Cuda of memory of my code

xclmj · August 21, 2019, 4:32pm

Hi, all,

    I implement my code about an Autoendocer with dense blcok on the basis of Pytorch.  The total number of parameters around 0.8M.  The image size is 100*100.  the batchsize for training 100. However, when I launch CUDA, an error "cuda out of memory" will be ocurred.  Can anyone can help me. My GPU card :

±----------------------------------------------------------------------------+
| Processes: GPU Memory |
| GPU PID Type Process name Usage |
|===========================================================================

Thanks.

albanD · August 21, 2019, 6:59pm

Hi,

There is not much you can do to reduce GPU memory usage except reducing the batch size and use inplace operations for activations like ReLUs if possible (if you see an error saying that a tensor needed for backward has been changed by an inplace operation, then that means that you cannot use them at that particular place).

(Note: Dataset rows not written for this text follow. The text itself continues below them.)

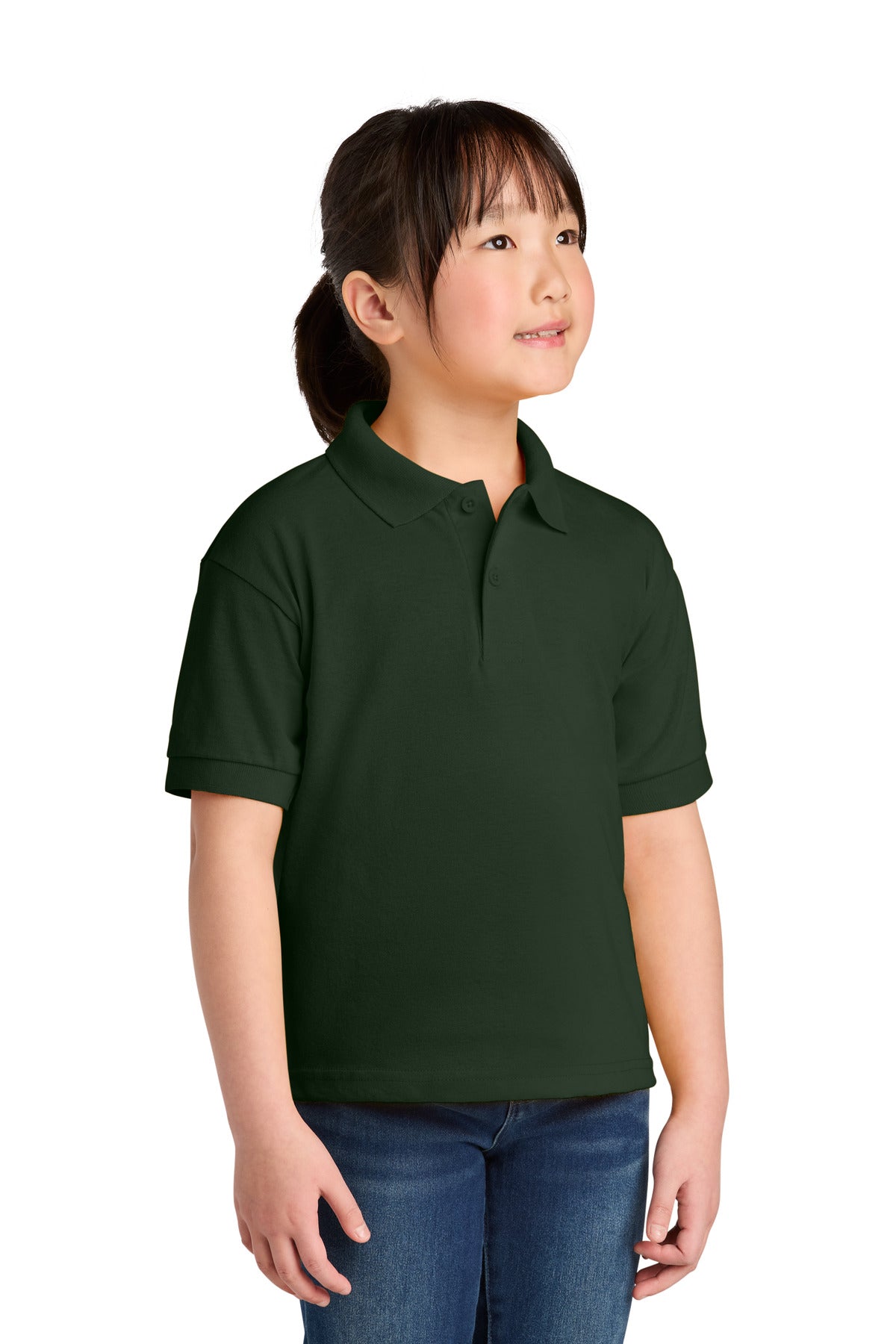 Custom Forest Green DryBlend 6-Ounce Jersey Knit Sport Shirt 8800B, personalized by SanCanDo Swag in Argyle, TX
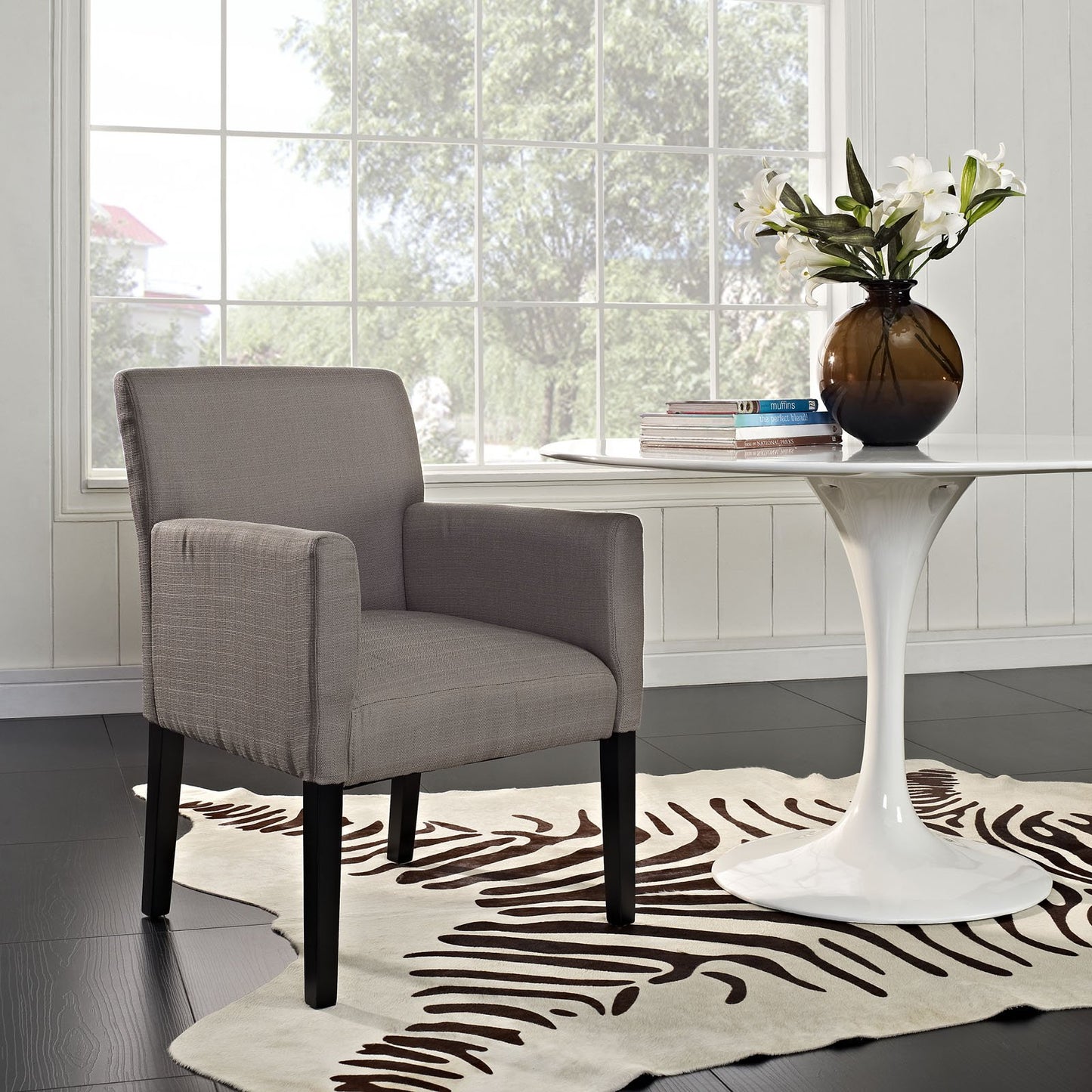 Dining Table | Chloe Wood Legged Armchair | Versatile & Timeless Design | Comfortable Fabric | Sturdy Dark Wooden Legs | Perfect for Dining, Office, or Living Room | Neutral & Engaging | Gray | casafoyer.myshopify.com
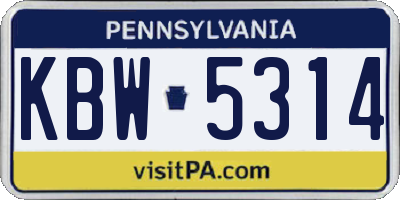PA license plate KBW5314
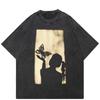 Streetwear Shadow Graphic T-Shirt Cotton Washed Black Tshirt Unisex Tops Tees Summer Short Sleeves T Shirt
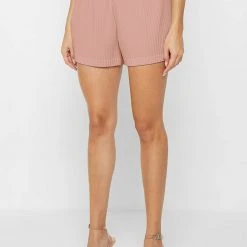 Woman Shorts Pleated High Waisted Shorts - Pink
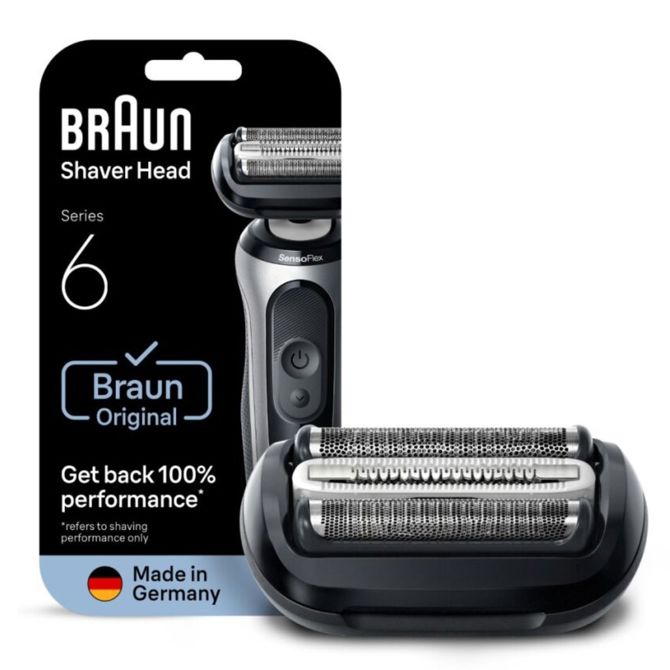 Nadomestna glava Braun Series 6 64B, 3 rezila, 2D prilagoditev, Sensitive SkinGuard, klik sistem, srebrna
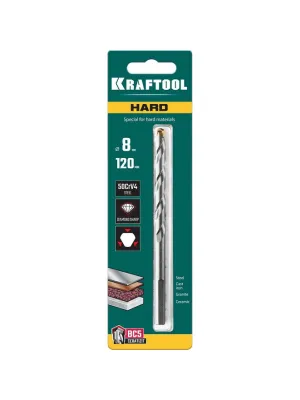 Сверло по твёрдым материалам KRAFTOOL «HARD», 8х120мм, с твердосплавной пластиной, (29177-120-8)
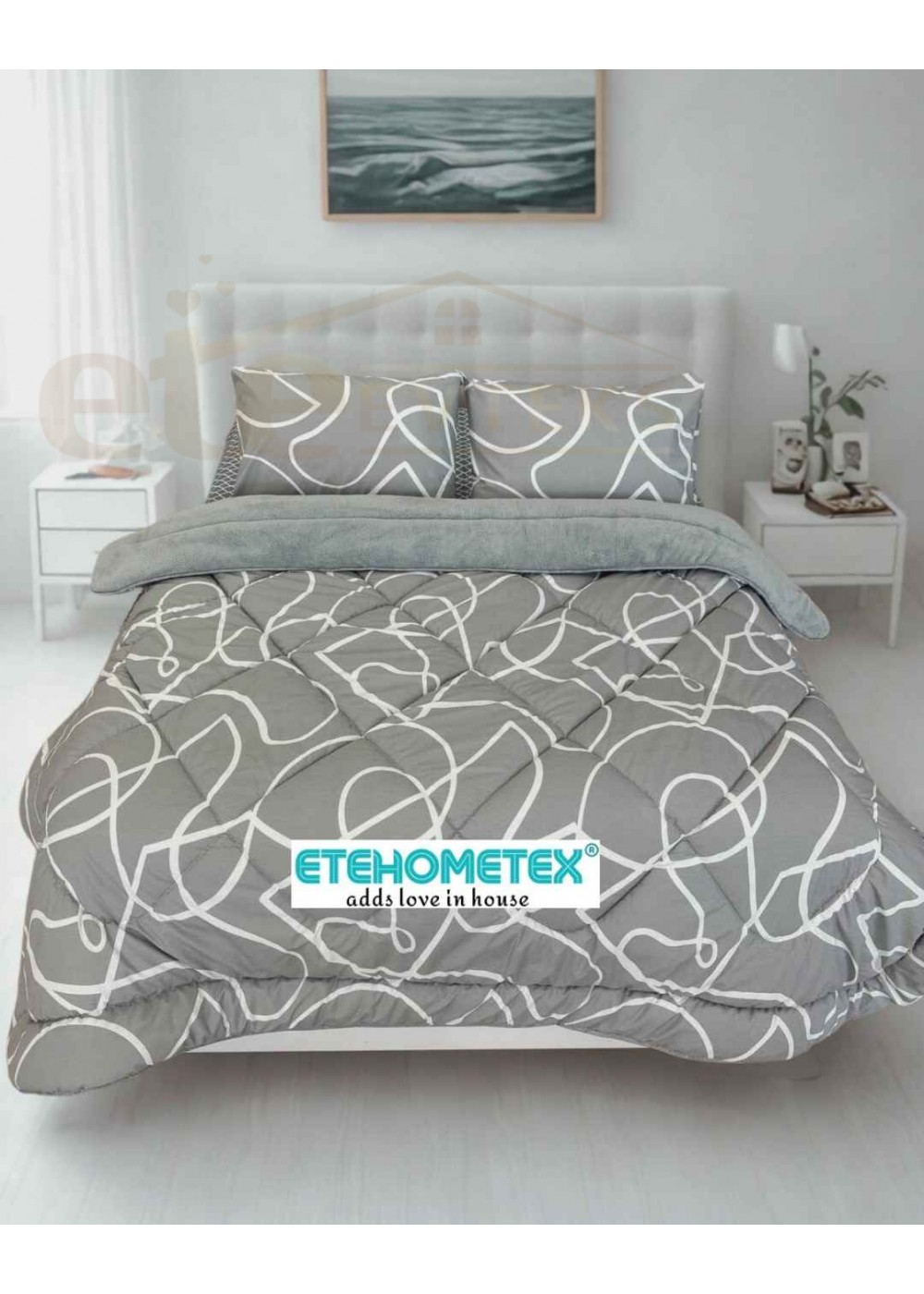 ETE HOMETEX ÇİFT KİŞİLİK LÜX WELSOFT YORGAN SETİ 195X215CM MİX GRİ 8696474232069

xclmj · August 21, 2019, 7:25pm

Hi,

    Thanks for your replying.  My GPU card only has around 4G memory.  This error will be resolved if I use a GPU card with larger memory?

best regard

ptrblck · August 21, 2019, 9:51pm

This might be the case. If it’s possible to post the model definition and some dummy inputs (and targets) I could check the memory usage on larger GPUs.

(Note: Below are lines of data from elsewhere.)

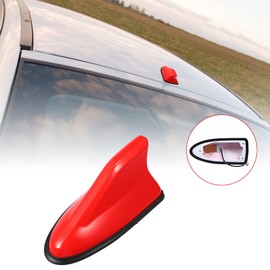X AUTOHAUX Shark Fin Shape Car Roof Aerial Antenna Signal Antenna Red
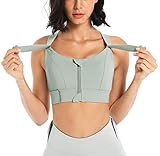 Women Zipper in Front Sports Bra High Impact Padded Workout Bra with Support Wireless Gym Bras with Adjustable Straps Ice Blue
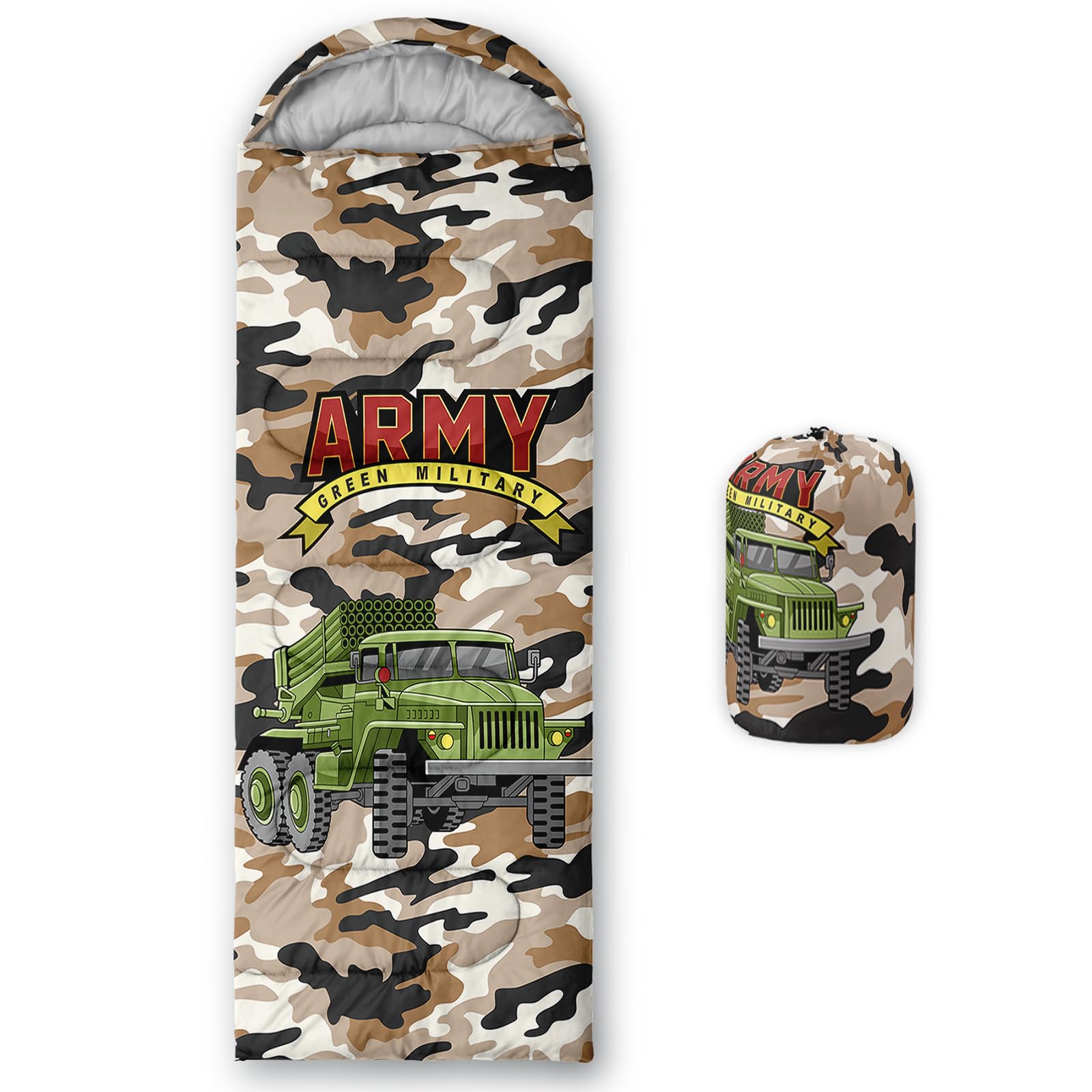 AILONEN Cartoon Car Sleeping Bags,Lightweight & Waterproof,3 Season Warm & Cool Weather,Cute Stars Printed Vehicles Transportation Sleeping Bags for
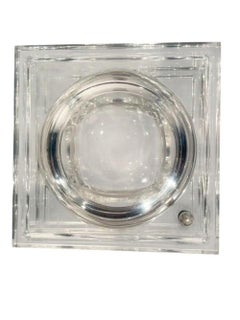 MCM Clear Acrylic Ice Bucket of Cube Form w/Pivoting Lid and Routed Lines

xclmj · August 22, 2019, 9:21am

Hi, ptrblck,

Thanks for your kind help.  The following link is the github of this code: 
   https://github.com/xclmj/Dense-Convolutional-Encoder-Decoder-Network-with-Dense-Block.git

You can download the data from : https://drive.google.com/drive/folders/1VkYtS2oe-vwapUjwIG_0GdFzR_RMw2xW?usp=sharing.

best regard

ptrblck · August 22, 2019, 11:53am

Thanks for the code.
I’ve used the default arguments and this script to run the test:

device = 'cuda'

# enters time in latent
model = DenseEDT(1,
                 2,
                 blocks=(4, 9, 4),
                 times=(5,10,15,20,25,30,35,40,45,50,55,60,65,70,75,80,85,90,95,100),
                 growth_rate=24,
                 drop_rate=0,
                 bn_size=100,
                 num_init_features=48,
                 bottleneck=False,
                 time_channels=1).to(device)


optimizer = torch.optim.Adam(model.parameters(), lr=0.001,
                             weight_decay=5e-4)
criterion = nn.MSELoss()

data = torch.randn(10, 1, 224, 224, device=device)
times = torch.randn(10, device=device)

output = model(data, times)
target = torch.empty_like(output).normal_()

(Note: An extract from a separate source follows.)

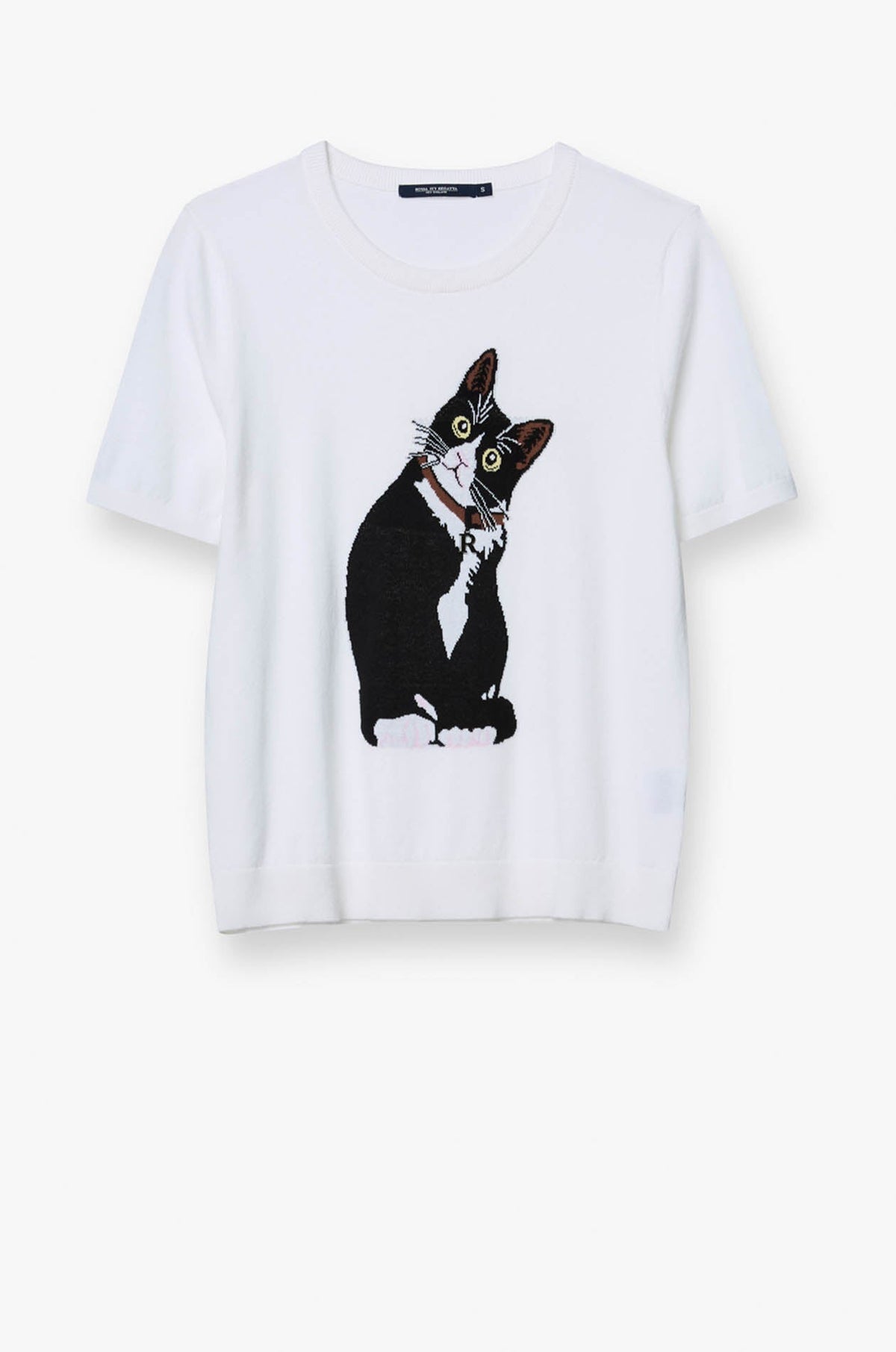 Cat With R Charm Graphic Knitted Tee Cream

loss = criterion(output, target)
loss.backward()

print('mem allocated {:.3f}MB'.format(torch.cuda.memory_allocated()/1024**2))
> mem allocated 16.433MB
print('max mem allocated {:.3f}MB'.format(torch.cuda.max_memory_allocated()/1024**2))
> max mem allocated 2146.784MB
print('mem cached {:.3f}MB'.format(torch.cuda.memory_cached() / 1024**2))
> mem cached 2440.000MB

nvidia-smi shows a usage of approx. 3500MB using a Titan V GPU with 12GB memory.
The additional usage comes from the cuda context, which will take some space on the GPU.